From: Markus Schöpflin (markus.schoepflin_at_[hidden])
Date: 2007-11-09 09:30:36


Peter Dimov wrote:
> Markus Schöpflin:
>> Ion Gaztañaga wrote:
>>> Markus Schöpflin escribió:
>
>>>> 1) Currently it is not specified whether an atomic operation implies a
>>>> memory barrier or not. This should be explicitly stated.
>>> They should imply a barrier. Since this was an internal header, I
>>> haven't documented anything. Now that people is contributing, at least,
>>> I should add a comment to the header.
>> OK, I need to add memory barriers to the code then.
>
> You need to know what kind of memory synchronization is implied. Acquire for
> atomic load, release for atomic store and acquire+release is a reasonably
> safe bet in situations such as this one where the author isn't quite sure.
> :-)
>
> Last I looked at the various implementations, most of the routines did not
> provide these guarantees, though.
>
> Your use of volatile is also a bit suspect. Volatile operations may be
> atomic without implying an acquire (release) constraint, both for the
> hardware and for the compiler.
>
> On Alpha, you'll probably need to add a memory barrier after the loads, a
> memory barrier before the stores, and one before and one after the
> read/modify/write operations. This would require that the compiler is smart
> enough to recognize the barrier and not move code across.

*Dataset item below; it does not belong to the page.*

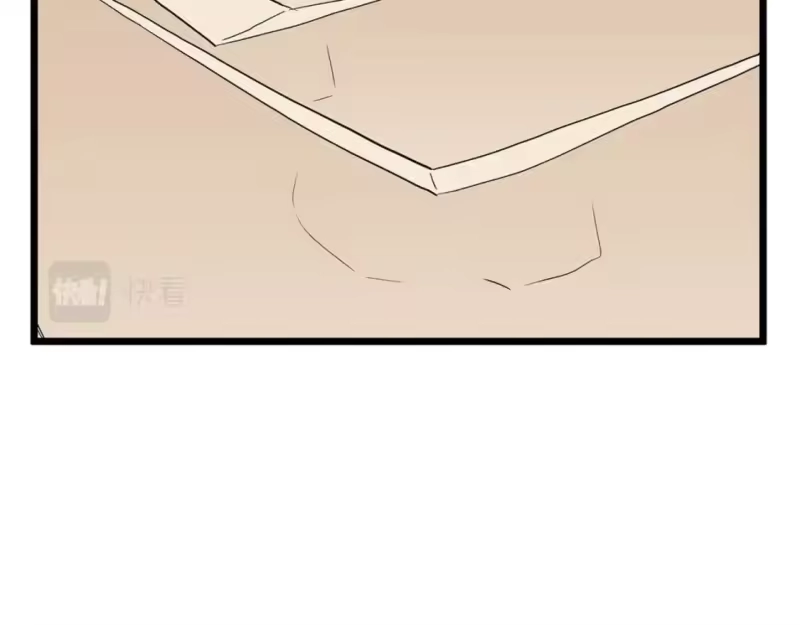 登录武林系统_h 第148话 避风港 第169页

OK, I finally got around to add memory barriers to the atomic primitives on
Alpha. The corresponding check-in can be found here:
http://svn.boost.org/trac/boost/changeset/40967

I hope I got the acquire/release things sorted out correctly. Ion, could
you perhaps check if the semantics now match the intended usage?

BTW, I added a copyright note to the top of the file, IIUC I'm required to
do this. If not, feel free to remove it again.